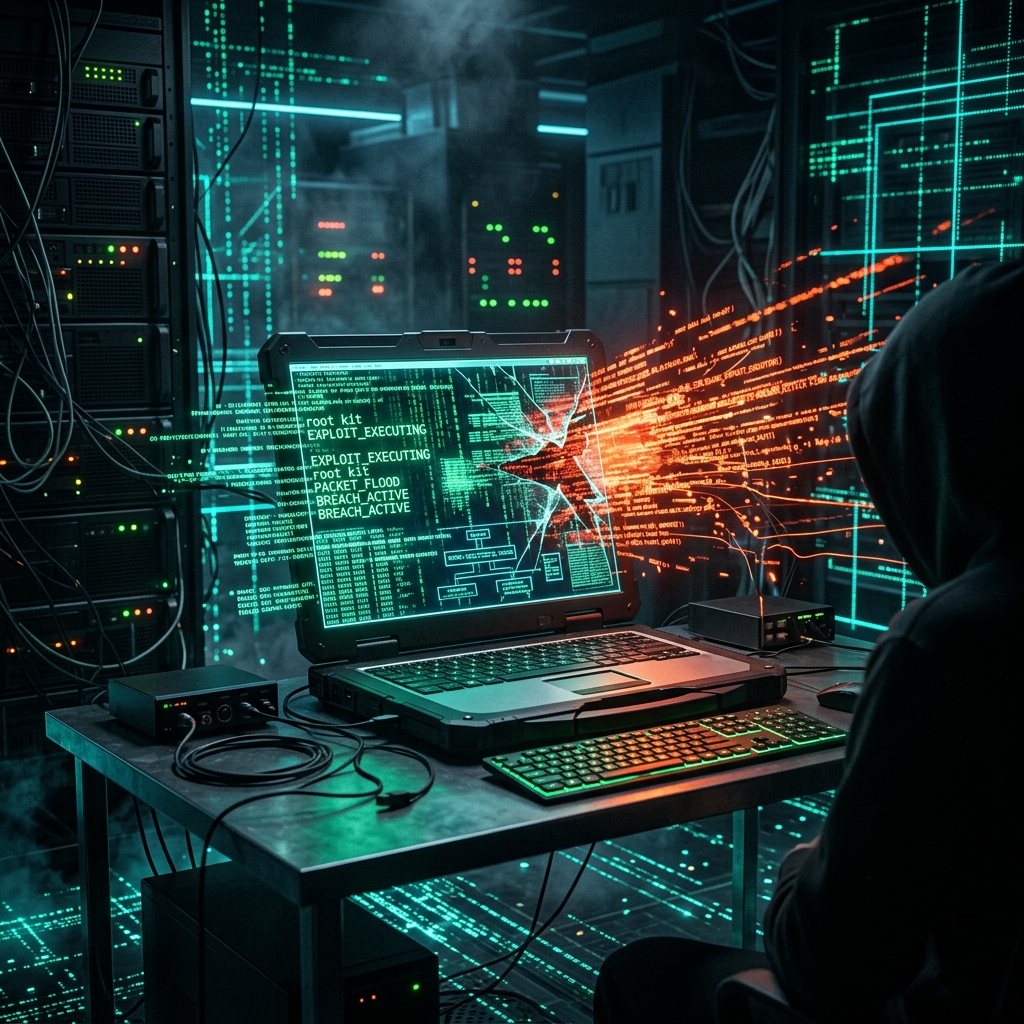 Sơ đồ luồng tấn công Agentjacking qua báo cáo lỗi Sentry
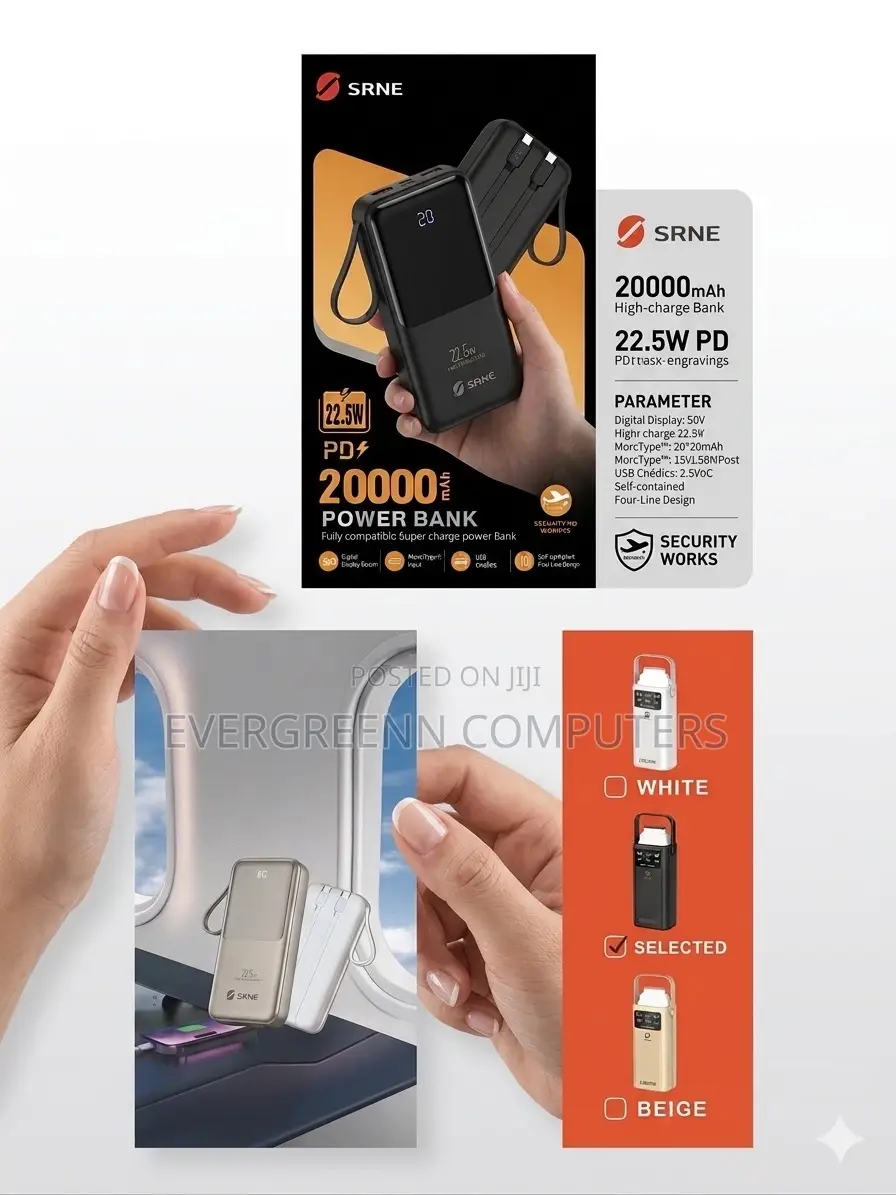 20,000mah Powerbank,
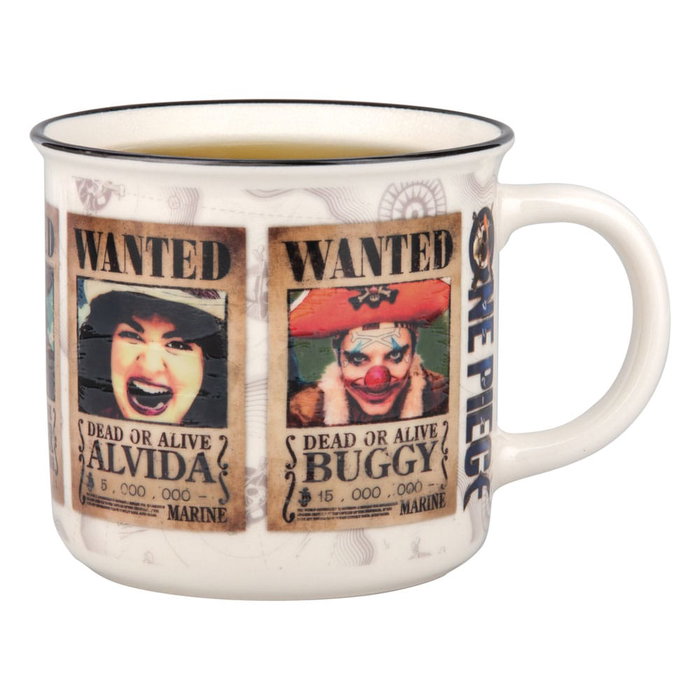 Paladone Products One Piece Taza sensitiva al calor de 300 ml Paladone Products One Piece Taza sensitiva al calor de 300 ml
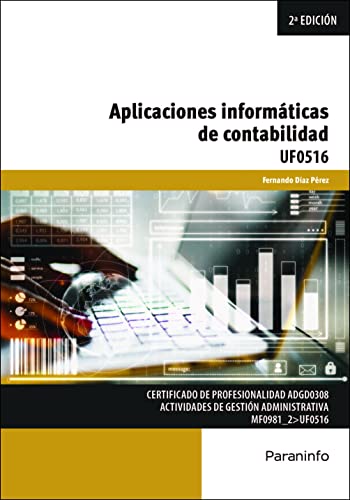 Aplicaciones informáticas de contabilidad (SIN COLECCION)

+ + + + +

[WHAT THE TASK ASKS]
Write the data out again exactly, but without its images.

[TASK RESULT]
 Sơ đồ luồng tấn công Agentjacking qua báo cáo lỗi Sentry
 20,000mah Powerbank,
 Paladone Products One Piece Taza sensitiva al calor de 300 ml Paladone Products One Piece Taza sensitiva al calor de 300 ml
 Aplicaciones informáticas de contabilidad (SIN COLECCION)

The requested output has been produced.